Whatever the reason for The Acolyte’s cancellation, Disney needs to ask itself which fans they’re validating and what stories they’re cultivating with the shows they produce and stand by. No single show, movie, or video game exists on hope or magic; they’re the work of creative people and investors with money, the place those people meet to create a vision. Institutions such as Disney need to understand that if you're going to invest in marginalized creators who are taking big swings, you need to afford them the same shape of the opportunities being given to the ‘safer bets’: Andor, for instance, was reportedly greenlit as a two-season show. There needs to be a commitment to weathering the cycles of cultural pushback. This is true not just in movies or games and TV, but in any industry.
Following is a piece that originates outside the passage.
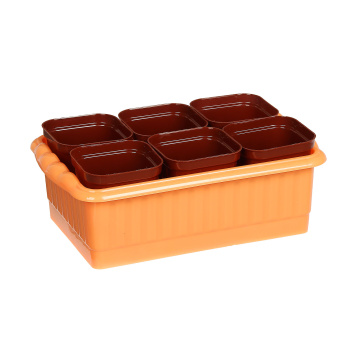 Набор стаканов 250 мл для рассады Радиан, 8 шт., поддон 32.2х16.6х9 см, пластик Набор стаканов 250 мл для рассады Радиан, 8 шт., поддон 32.2х16.6х9 см, пластик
The Acolyte felt like it was for me. It continued the threads that The Last Jedi only began to tease: the idea that the Force is much bigger than just the heroes we’ve become accustomed to seeing in Star Wars. It was a story that showed love for Star Wars while criticizing its sacred trope of the fight between space cops and space fascists. More than that, The Acolyte and The Last Jedi made a case for why expansive storytelling is critical in an era of omnipresent entertainment driven by multinational corporations, when fandoms that make space for everyone are necessary to survival.

In this time in which Star Wars is locked in an unwinnable battle over which fans matter, I find myself wondering what some of those other fans I was in community with as a Star Wars internet teen are doing now, especially many of those who were young women predisposed to obsessing and writing fic. Always quirky, often queer. It's very likely that Leslye Headland was among them, too. It feels like she was one of us who got just to begin telling her Star Wars story, found fans like me with whom it resonated deeply, and then had that opportunity ripped away. With every decision the company makes, Disney is telling fans, critics and shareholders what kinds of voices matter to them.